Systems for critical industries wide open to cyberattacks

The networks used to manage the industries that the nation relies on, such as energy, transportation and chemicals, are vulnerable to cyberattacks, according to a survey of executives that operate critical infrastructure.

Comment on this article in The Forum.The vulnerabilities have proliferated because most control systems that operate the nation's physical infrastructure are now connected to the Internet, which introduces weaknesses companies have yet to address, according to the survey conducted by the security software vendor Secure Computing and Energy Insights, part of the information technology research firm IDC.

All respondents said the energy industry, made up of electric utilities and oil and gas companies, is the biggest target for potential attacks. They said if hackers breached these control systems, it would create the most damage for the United States, compared with other industries. More than 60 percent of respondents believe the energy industry is not prepared to protect its control systems from cyberattack.

"These systems have existed for decades, and some are based in technology that could be as much as 100 years old," said Phyllis Schneck, vice president of research integration at Secure Computing. "We connect them to traditional IT systems so we can make them more efficient, and in the process introduce all the cyber vulnerabilities we've been trying so hard to avoid. These vulnerabilities are not new, but they are newly introduced."
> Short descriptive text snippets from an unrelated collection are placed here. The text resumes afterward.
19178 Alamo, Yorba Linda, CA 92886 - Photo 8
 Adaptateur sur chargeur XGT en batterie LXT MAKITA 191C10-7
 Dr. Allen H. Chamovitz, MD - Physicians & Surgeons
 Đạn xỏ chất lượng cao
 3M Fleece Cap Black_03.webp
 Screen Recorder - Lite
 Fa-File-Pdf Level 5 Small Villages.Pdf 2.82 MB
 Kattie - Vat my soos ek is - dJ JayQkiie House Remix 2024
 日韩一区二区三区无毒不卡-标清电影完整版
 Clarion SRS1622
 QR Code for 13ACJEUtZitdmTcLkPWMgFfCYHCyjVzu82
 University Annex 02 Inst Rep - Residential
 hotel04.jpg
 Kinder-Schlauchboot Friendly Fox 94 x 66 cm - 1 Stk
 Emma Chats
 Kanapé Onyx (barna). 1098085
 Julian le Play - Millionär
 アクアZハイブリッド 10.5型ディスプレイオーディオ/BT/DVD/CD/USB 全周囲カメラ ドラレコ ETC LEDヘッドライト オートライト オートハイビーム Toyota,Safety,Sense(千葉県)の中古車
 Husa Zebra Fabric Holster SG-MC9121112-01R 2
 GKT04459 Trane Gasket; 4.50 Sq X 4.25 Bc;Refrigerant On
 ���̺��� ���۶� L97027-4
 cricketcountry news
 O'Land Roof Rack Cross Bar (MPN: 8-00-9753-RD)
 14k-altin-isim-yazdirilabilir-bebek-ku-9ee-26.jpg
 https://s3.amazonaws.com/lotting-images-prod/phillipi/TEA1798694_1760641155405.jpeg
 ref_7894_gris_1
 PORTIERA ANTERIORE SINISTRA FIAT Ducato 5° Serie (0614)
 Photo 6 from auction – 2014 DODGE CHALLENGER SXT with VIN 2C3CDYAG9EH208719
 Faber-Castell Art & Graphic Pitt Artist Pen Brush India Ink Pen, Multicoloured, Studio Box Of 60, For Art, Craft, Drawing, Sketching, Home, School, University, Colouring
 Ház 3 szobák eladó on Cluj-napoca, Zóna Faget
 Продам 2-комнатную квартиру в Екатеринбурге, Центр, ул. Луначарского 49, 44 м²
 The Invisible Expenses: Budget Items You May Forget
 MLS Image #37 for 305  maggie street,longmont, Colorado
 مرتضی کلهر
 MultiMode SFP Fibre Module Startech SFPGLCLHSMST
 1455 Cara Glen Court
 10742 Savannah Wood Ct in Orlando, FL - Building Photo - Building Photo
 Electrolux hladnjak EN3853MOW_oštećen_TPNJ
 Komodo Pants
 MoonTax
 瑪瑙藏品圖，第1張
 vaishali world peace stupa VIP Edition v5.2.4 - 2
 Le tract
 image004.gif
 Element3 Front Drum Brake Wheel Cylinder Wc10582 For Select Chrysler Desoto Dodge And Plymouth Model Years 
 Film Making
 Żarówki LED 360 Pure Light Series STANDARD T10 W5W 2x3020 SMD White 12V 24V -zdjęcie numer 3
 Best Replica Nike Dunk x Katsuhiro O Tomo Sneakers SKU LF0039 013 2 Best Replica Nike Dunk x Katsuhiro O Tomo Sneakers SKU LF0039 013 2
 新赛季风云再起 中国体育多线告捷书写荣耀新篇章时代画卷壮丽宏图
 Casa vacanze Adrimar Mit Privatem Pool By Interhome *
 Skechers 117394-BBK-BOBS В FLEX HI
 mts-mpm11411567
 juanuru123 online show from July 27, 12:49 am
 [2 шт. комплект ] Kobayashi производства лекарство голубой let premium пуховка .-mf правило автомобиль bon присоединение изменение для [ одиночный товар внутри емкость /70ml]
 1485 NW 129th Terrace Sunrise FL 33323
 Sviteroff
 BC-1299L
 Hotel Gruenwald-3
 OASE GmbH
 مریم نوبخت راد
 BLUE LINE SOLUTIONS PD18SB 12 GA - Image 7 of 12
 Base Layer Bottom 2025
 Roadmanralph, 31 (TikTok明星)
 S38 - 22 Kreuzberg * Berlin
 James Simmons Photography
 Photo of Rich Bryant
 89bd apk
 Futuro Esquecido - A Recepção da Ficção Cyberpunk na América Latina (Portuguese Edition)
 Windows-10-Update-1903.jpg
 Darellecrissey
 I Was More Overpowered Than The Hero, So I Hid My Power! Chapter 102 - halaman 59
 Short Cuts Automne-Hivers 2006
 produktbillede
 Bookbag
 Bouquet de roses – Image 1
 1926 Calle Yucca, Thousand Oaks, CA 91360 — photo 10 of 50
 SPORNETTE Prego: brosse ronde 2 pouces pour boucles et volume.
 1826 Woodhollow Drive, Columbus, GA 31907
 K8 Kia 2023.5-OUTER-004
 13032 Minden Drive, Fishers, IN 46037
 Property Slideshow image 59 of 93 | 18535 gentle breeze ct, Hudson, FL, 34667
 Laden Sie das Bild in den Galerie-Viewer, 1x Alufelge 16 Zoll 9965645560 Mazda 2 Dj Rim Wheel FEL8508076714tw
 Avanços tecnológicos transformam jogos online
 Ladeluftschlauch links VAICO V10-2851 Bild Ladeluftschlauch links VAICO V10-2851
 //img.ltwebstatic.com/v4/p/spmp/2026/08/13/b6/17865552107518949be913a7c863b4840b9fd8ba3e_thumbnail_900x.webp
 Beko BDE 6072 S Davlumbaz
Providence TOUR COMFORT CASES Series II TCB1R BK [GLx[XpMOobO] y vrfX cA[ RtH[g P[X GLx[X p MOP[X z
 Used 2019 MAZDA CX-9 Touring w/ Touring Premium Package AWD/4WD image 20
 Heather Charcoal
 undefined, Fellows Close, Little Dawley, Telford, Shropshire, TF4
Other industries, while less of a target than energy, fail to implement adequate information security measures to protect control systems, the survey results indicated. About 75 percent of respondents said transportation, and the shipping and postal industry, were not prepared to fend off cyberattacks. Nearly 70 percent said the same about the chemical industry. About 60 percent of respondents said the emergency services field is not prepared. Financial services earned the highest marked for its efforts to protect control systems from cyberattacks, with more than 60 percent of respondents regarding the industry as prepared.

"Before, the people that ran [IT] just worried about how to keep the power on and [systems] available," Schneck said. "But now the word 'security' needs to be aligned with 'availability.' A cyber event, whether intended or not, has a physical infrastructure consequence. But [until] it goes boom, it isn't taken seriously."

The cost to protect the systems was the biggest obstacle to protecting critical infrastructure networks, according to 29 percent of survey respondents. Just over 17.5 percent said apathy -- as in the sentiment "it's not my job" or "it won't happen to me" -- kept industries from better protecting systems.

The best incentives to encourage industries to protect their networks could be more stringent federal regulation and government funding. Under the 2005 Energy Policy Act, the North American Electric Reliability Corporation develops standards for power plants that are approved by the Federal Energy Regulatory Commission. FERC then enforces the benchmarks for most of the nation's power plants. Amid criticism from Congress for failure to properly protect the power grid from cyberattacks, FERC mandated the critical infrastructure protection standards in January, which focus on cybersecurity. Power plants must comply with a set of requirements to tighten security by mid-2009 and with another set of criteria by the end of 2010.

"When it's regulated, the budget is allocated," Schneck said. "I bet the results of this study will be very different next year."